Es un recuerdo vago, de hace muchos años. Tantos, que el manillar del ciclomotor en el que mi abuelo iba a recogerme a la parada del autobús era más alto que yo. Pero, por una vez, mi abuelo es actor secundario en el recuerdo que me ha asaltado así, a traición, como todos los que valen la pena.
Por una vez, no es el frío que nos acuchillaba al recorrer en el ciclomotor el kilómetro que separaba la parada del bus de una casa donde nos aguardaba mi abuela con la cocina de leña encendida. No son las pantagruélicas comidas y cenas de la aldea. En esta ocasión, la protagonista es Asunción.
Asunción era una señora, para un chaval de cinco años, muy mayor. Y mayor continúa siendo en mis recuerdos, por más que, en aquellos años, no pasara de lo que llamamos “mediana edad”. Pero no son los años que había visto la mujer lo que recuerdo.
Una tienda-bar-refugio
Resulta que Asunción regentaba una tienda junto a la parada del autobús. Era uno de esos colmados típicos de un pueblo de no más de mil quinientos habitantes en los que se unían bar, tienda de ultramarinos y comercio de comestibles.
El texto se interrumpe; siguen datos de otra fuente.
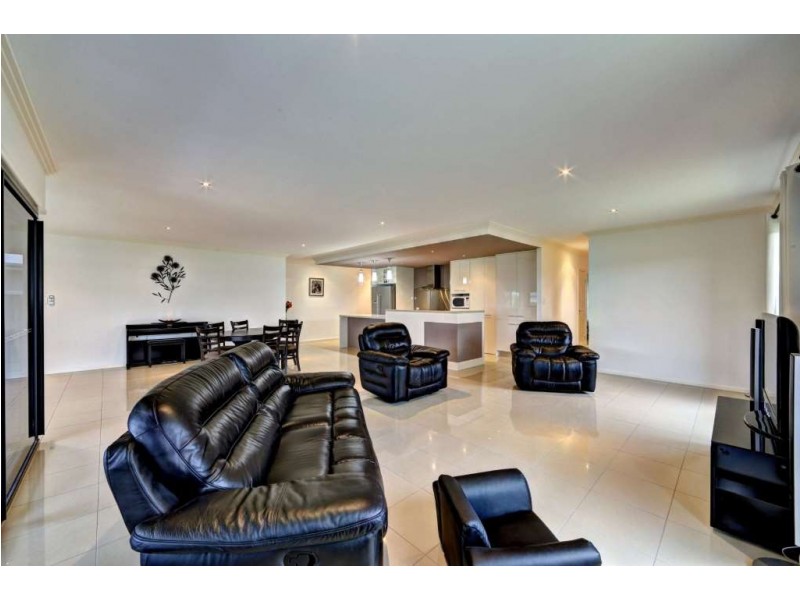 4 Chantilly Street, Bargara QLD 4670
No sabría decir cuántos domingos nos refugiamos de la lluvia mi abuelo y yo allí adentro…
… Del mismo modo que no sabría decir cuántas chucherías con los cromos y pegatinas de la serie de moda compraríamos los viernes, cuando llegaba al pueblo, para descanso de mis padres y alegría de mis abuelos –los domingos, creo, las sensaciones eran las mismas, pero al revés-.
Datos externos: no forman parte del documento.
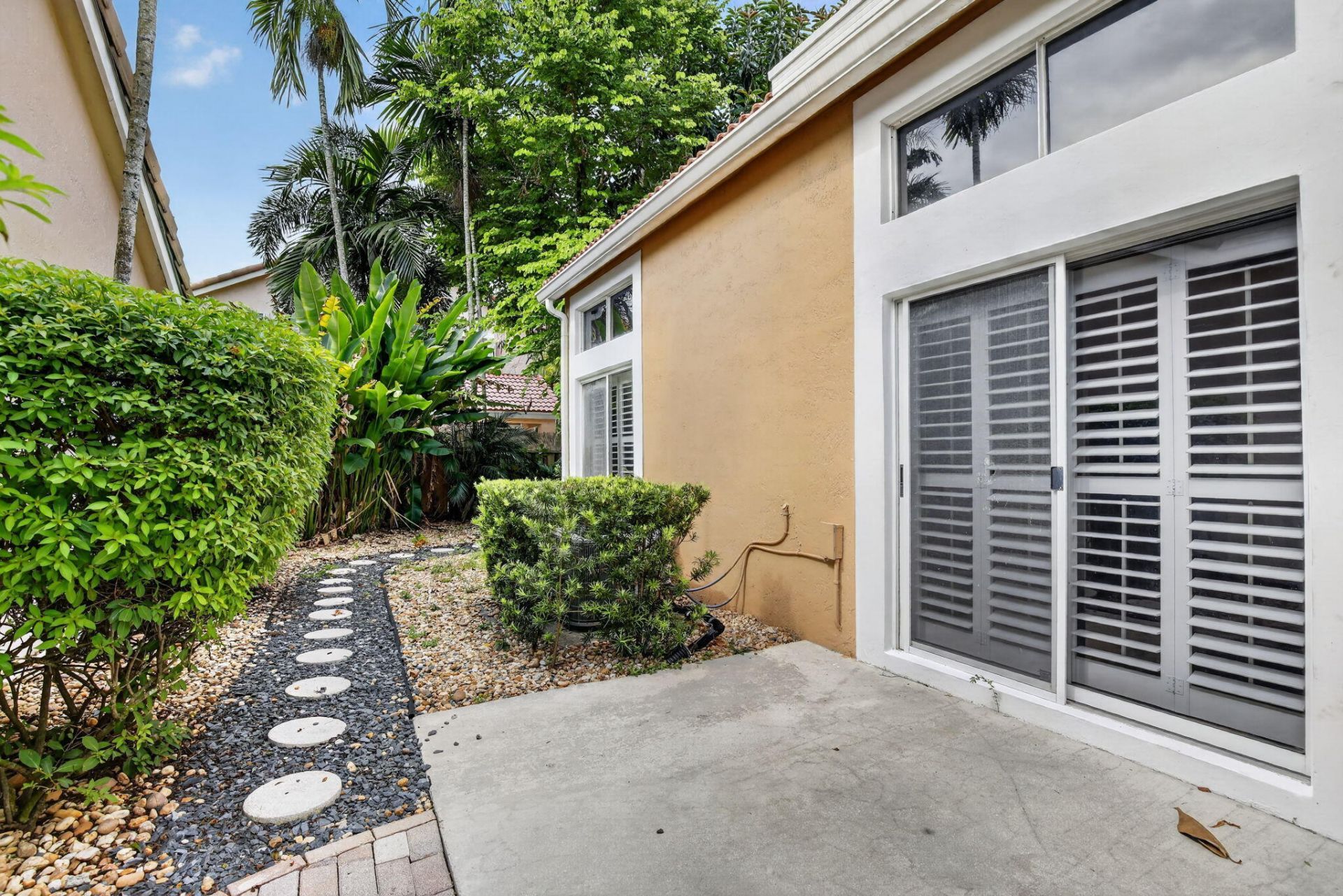 10124 NW 4th Street, Plantation, FL 33324 Photo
Números y papel de estraza
El caso es que, cuando comprábamos allí, fueran unos dulces fuera el palo de una fregona, yo no podía por menos que sentir admiración por la duela del negocio. A ver: en aquellos años estaba yo con mis primeros números y, tal como me han ido siempre las matemáticas, la suma de nueve más siete era un misterio insondable. Pero para Asunción no.
Recuerdo que ella apuntaba los precios de lo que iba dejando sobre el mostrador según se lo pedían en un papel de estraza. Cuando el cliente terminaba, ella, entre dientes, y en no más de dos minutos, sumaba los importes, repasaba la cuenta y decía “tanto”.
No todo el mundo, por aquel entonces, sabía sumar en la Galicia rural, pero, con todo, supieran o no de números, sacaban la cartera y ponían tantas pesetas como decía Asunción sobre la barra: Eran dos las cualidades que, a base de ejercitarlas, todo el mundo le reconocía a la dependienta: honradez y precisión. Al menos en mis recuerdos, nunca se equivocó y nunca engañó a nadie.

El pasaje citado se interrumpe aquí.